BEGIN

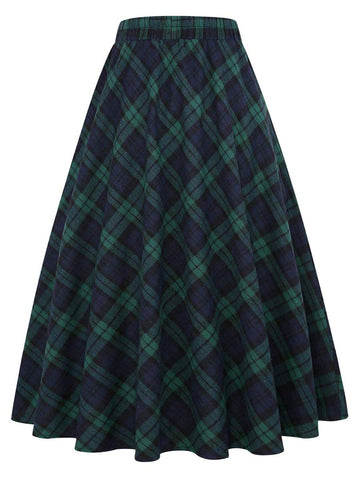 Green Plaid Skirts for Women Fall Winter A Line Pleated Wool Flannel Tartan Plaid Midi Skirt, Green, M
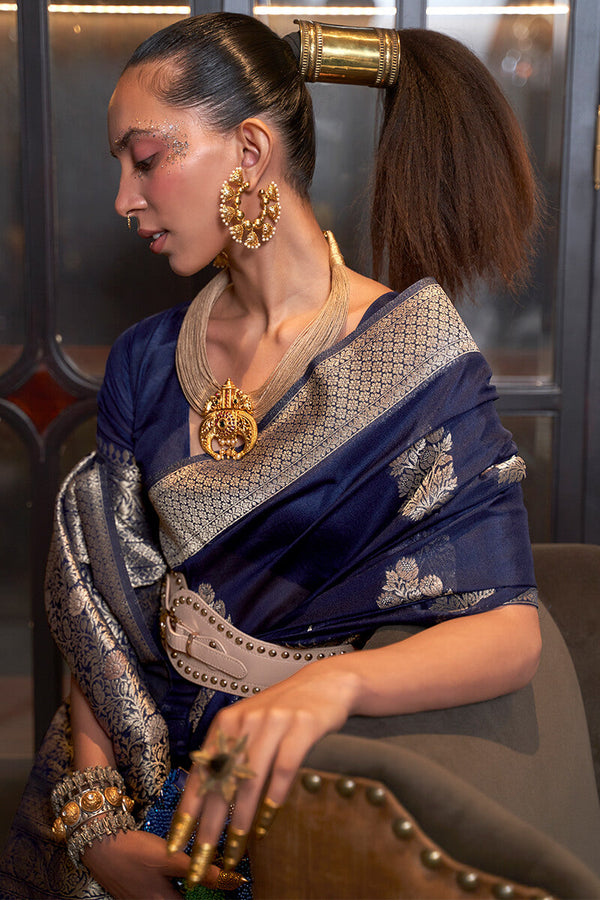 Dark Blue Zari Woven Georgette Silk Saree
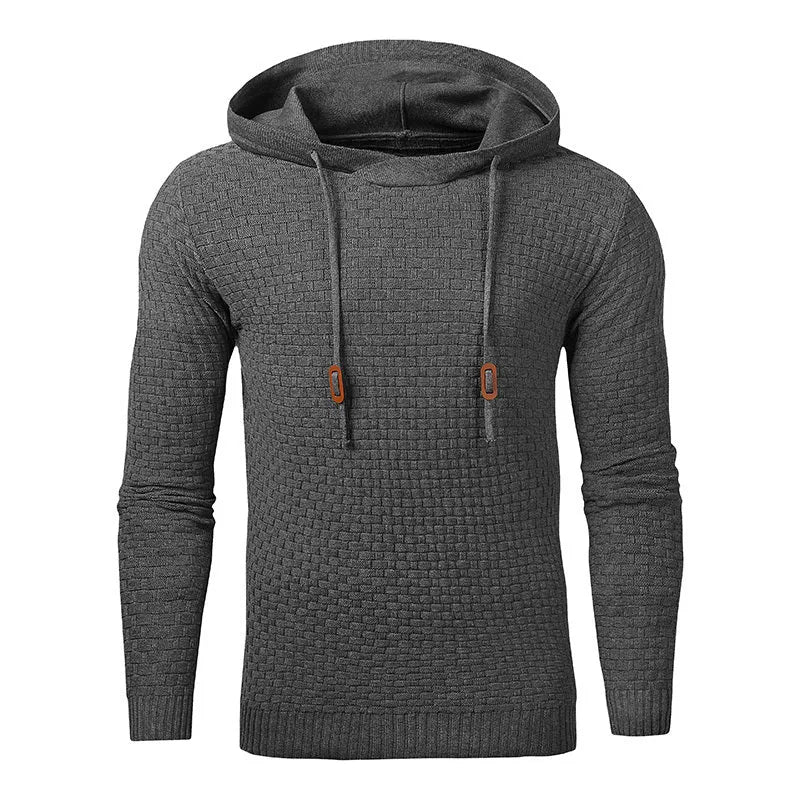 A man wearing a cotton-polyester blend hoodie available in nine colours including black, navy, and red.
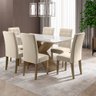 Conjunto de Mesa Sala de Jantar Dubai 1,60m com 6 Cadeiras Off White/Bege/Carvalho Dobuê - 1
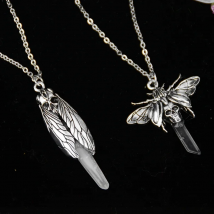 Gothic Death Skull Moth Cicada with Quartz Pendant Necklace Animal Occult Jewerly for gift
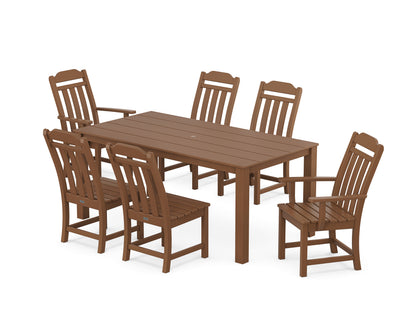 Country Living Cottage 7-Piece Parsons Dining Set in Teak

END

### [The task]
Would you transcribe the whole listing above exactly? The pictures should not be included.

### [Task response]
 Green Plaid Skirts for Women Fall Winter A Line Pleated Wool Flannel Tartan Plaid Midi Skirt, Green, M
 Dark Blue Zari Woven Georgette Silk Saree
 A man wearing a cotton-polyester blend hoodie available in nine colours including black, navy, and red.
 Conjunto de Mesa Sala de Jantar Dubai 1,60m com 6 Cadeiras Off White/Bege/Carvalho Dobuê - 1
 Gothic Death Skull Moth Cicada with Quartz Pendant Necklace Animal Occult Jewerly for gift
 Country Living Cottage 7-Piece Parsons Dining Set in Teak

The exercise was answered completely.